A PyTorch model profiling tool for FLOPs, memory, and visualization.

These details have not been verified by PyPI

Project links

License
- OSI Approved :: MIT License
Operating System
- OS Independent
Programming Language
- Python :: 3

Project description

📊 torch-model-profiler

A lightweight PyTorch model profiler that reports FLOPs, memory usage, parameters, input/output shapes, and automatically exports results to Excel with colored tags.
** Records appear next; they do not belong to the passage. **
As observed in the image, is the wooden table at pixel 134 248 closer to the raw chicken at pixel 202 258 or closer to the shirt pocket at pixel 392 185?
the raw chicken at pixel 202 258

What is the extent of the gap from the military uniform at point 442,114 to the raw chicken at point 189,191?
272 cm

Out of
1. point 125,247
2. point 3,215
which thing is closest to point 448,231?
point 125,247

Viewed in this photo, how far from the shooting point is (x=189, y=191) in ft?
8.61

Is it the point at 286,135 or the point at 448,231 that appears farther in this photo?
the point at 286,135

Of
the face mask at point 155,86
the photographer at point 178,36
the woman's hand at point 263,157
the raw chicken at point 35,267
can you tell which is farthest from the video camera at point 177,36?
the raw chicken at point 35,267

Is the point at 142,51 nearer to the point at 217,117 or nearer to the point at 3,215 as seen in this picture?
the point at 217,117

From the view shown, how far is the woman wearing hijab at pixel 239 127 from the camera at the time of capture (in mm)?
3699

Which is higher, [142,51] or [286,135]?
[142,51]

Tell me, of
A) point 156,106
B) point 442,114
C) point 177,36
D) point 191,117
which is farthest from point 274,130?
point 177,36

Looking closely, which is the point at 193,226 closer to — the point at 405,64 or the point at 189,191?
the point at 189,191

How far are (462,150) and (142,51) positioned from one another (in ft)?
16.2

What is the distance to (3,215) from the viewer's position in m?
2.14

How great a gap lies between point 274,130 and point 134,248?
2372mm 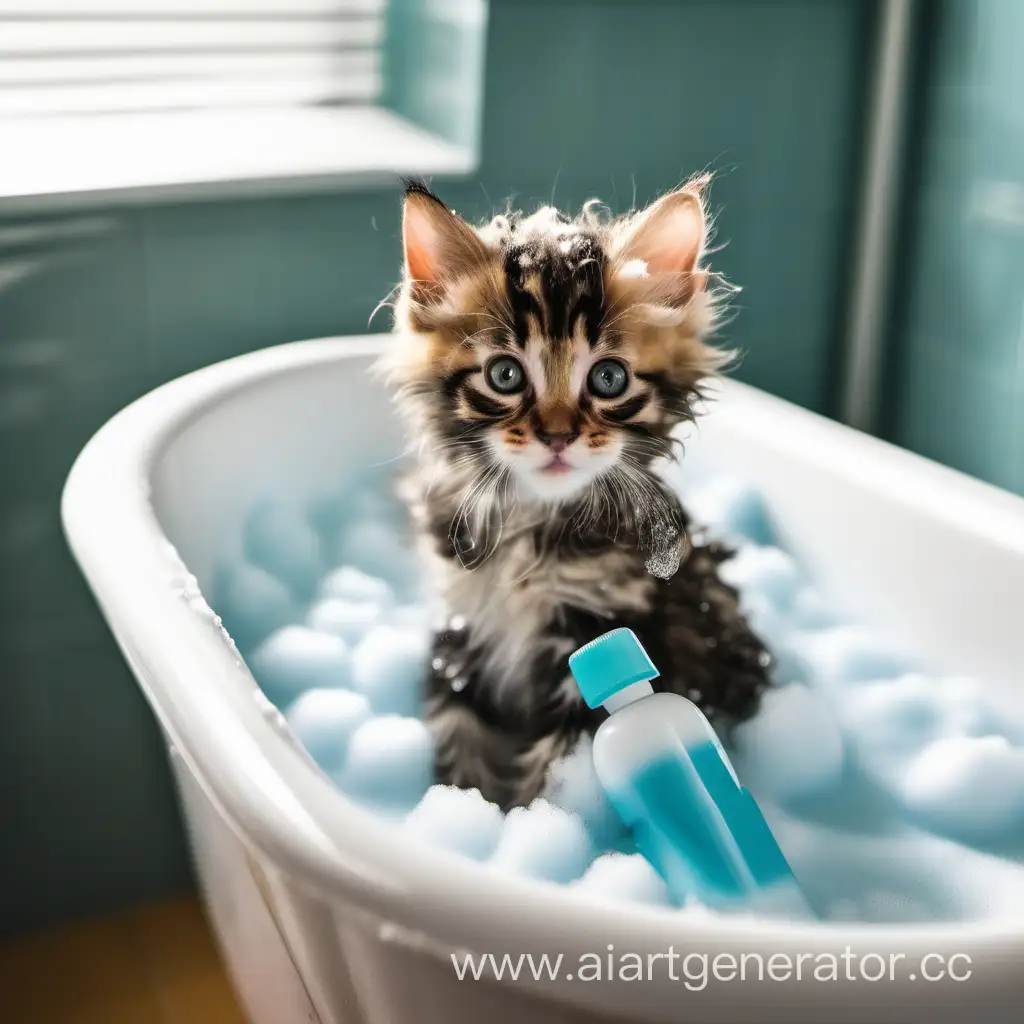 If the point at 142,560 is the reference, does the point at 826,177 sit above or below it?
above

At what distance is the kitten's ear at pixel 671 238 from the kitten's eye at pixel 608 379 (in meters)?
0.08

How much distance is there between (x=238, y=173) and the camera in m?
1.62

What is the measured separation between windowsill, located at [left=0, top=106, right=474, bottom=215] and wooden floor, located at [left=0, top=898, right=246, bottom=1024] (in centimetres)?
99

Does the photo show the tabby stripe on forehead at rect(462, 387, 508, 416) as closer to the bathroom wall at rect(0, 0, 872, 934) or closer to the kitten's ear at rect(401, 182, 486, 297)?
the kitten's ear at rect(401, 182, 486, 297)

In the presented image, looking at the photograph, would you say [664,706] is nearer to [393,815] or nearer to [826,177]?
[393,815]

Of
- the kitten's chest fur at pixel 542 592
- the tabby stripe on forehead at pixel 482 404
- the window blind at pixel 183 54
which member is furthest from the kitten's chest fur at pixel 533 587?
the window blind at pixel 183 54

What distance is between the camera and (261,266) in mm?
1676

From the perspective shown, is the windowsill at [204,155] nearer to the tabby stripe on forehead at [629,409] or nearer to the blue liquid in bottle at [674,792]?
the tabby stripe on forehead at [629,409]

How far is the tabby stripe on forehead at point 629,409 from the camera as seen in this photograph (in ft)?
3.22

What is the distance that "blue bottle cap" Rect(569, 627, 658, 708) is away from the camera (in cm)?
88

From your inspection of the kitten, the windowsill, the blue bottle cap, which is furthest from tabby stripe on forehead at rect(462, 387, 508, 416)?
the windowsill

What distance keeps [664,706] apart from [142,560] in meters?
0.47

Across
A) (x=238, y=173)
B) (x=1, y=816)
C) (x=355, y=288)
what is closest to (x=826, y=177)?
(x=355, y=288)

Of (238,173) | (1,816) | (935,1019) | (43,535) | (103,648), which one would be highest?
(238,173) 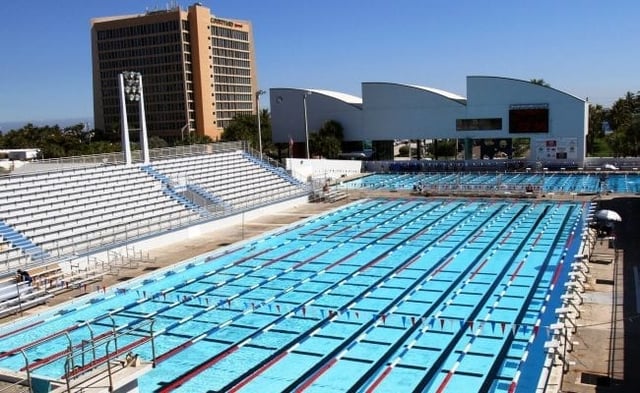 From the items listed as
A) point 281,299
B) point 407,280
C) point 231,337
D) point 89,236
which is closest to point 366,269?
point 407,280

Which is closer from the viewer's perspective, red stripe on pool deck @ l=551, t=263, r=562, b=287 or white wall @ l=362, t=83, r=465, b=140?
red stripe on pool deck @ l=551, t=263, r=562, b=287

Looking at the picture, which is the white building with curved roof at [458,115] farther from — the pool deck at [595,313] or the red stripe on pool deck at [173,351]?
the red stripe on pool deck at [173,351]

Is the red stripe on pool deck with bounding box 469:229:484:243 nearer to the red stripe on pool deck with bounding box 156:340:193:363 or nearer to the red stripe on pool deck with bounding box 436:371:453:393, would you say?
the red stripe on pool deck with bounding box 436:371:453:393

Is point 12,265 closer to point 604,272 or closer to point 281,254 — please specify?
point 281,254

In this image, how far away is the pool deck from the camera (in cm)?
934

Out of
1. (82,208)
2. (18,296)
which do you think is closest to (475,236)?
(82,208)

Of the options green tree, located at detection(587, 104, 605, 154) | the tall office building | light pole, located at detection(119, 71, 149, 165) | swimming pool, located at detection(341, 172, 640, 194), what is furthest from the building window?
the tall office building

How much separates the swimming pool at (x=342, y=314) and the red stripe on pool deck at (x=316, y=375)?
0.02 metres

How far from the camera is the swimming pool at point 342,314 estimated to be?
34.7 ft

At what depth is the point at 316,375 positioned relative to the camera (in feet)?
34.5

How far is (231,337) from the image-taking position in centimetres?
1265

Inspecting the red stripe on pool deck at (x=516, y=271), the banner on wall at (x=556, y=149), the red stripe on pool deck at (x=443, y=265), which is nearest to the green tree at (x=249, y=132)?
the banner on wall at (x=556, y=149)

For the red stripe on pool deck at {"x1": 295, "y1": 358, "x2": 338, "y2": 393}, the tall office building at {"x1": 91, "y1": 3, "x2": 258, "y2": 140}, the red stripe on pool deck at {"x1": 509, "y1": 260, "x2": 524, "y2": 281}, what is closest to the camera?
the red stripe on pool deck at {"x1": 295, "y1": 358, "x2": 338, "y2": 393}

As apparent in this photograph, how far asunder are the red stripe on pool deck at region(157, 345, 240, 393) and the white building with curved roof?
104ft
It also integrates with Torchview to generate computation graph diagrams.

🚀 Features

Profile per-layer FLOPs, memory (bytes), parameters, input/output shapes.
Support three modes:
- raw: list all layers (Conv, BN, ReLU, …).
- cba: merge Conv+BN+Activation into CBA blocks.
- block: merge into higher-level blocks (e.g., backbone / neck / head).
Export results to Excel with:
- Full profiling table.
- Color-coded rows:
  - 🔴 Memory-bound
  - 🟢 Compute-bound
  - ⚪ Balanced
- Automatic statistics sheet (summary counts & totals).
Generate graph PNG with Torchview.

📦 Installation

Clone the repository and install:

git clone https://github.com/yourname/model_profiler.git
cd model_profiler
pip install -e .

pip install torch torchvision prettytable openpyxl torchview graphviz
pip install model_profiler

🛠 Usage

critial function in this module:

profile_flops_and_memory_layername
estimate_inference_time
export_profile_to_excel_withinferencetime

Below is an example of profiling a model with `profile_flops_and_memory_layername`:

stats = profile_flops_and_memory_layername(
                model, 
                input_size=(1, 3, 224, 224),   # Dummy input size for the model
                threshold_low=10,              # Threshold for detecting memory-bound layers
                threshold_high=100,            # Threshold for detecting compute-bound layers
                mode="raw"                     # Profiling mode: "raw", "cba", or "block"
               )

Parameters:

model: The PyTorch model to be analyzed.
input_size: The shape of the dummy input tensor (batch, channels, height, width).
threshold_low: If FLOPs-to-Memory ratio < this value, the layer is considered memory-bound.
threshold_high: If FLOPs-to-Memory ratio > this value, the layer is considered compute-bound.
mode: defult:raw
- "raw" → Show every layer individually (Conv, BN, ReLU, etc.).(defult)
- "cba" → Combine Conv+BN+Activation into a single CBA block.
- "block" → Merge into large functional blocks (e.g., backbone, neck, head).
skip_bn: profiling with/without BatchNorm, defult:True
skip_act: profiling with/without Activation function, defult:True
skip_Sequential: profiling with/without Sequential, defult:True

Output:

The function prints a detailed table in the console, and also returns a list (layer_stats) containing:

Layer name
Input shape / Output shape
FLOPs
Memory usage
FLOPs-to-Memory ratio
Number of parameters
Tag (Memory-bound, Compute-bound, Balanced)

Example (mode='yaw'):

import torch
import torch.nn as nn
from model_profiler import (
    profile_flops_and_memory_layername,
    export_profile_to_excel,
    draw_model_with_tags
)

# Define a simple CNN
class SimpleCNN(nn.Module):
    def __init__(self):
        super().__init__()
        self.conv1 = nn.Conv2d(3, 16, 3, padding=1)
        self.bn1   = nn.BatchNorm2d(16)
        self.relu1 = nn.ReLU()
        self.pool  = nn.MaxPool2d(2)
        self.fc    = nn.Linear(16*16*16, 10)

    def forward(self, x):
        x = self.pool(self.relu1(self.bn1(self.conv1(x))))
        x = x.view(x.size(0), -1)
        return self.fc(x)

# Create model
model = SimpleCNN()

# Run profiler
stats = profile_flops_and_memory_layername(model, 
                                          input_size=(1, 3, 32, 32), 
                                          mode="row")

# Export to Excel
export_profile_to_excel(stats, "cnn_profile.xlsx")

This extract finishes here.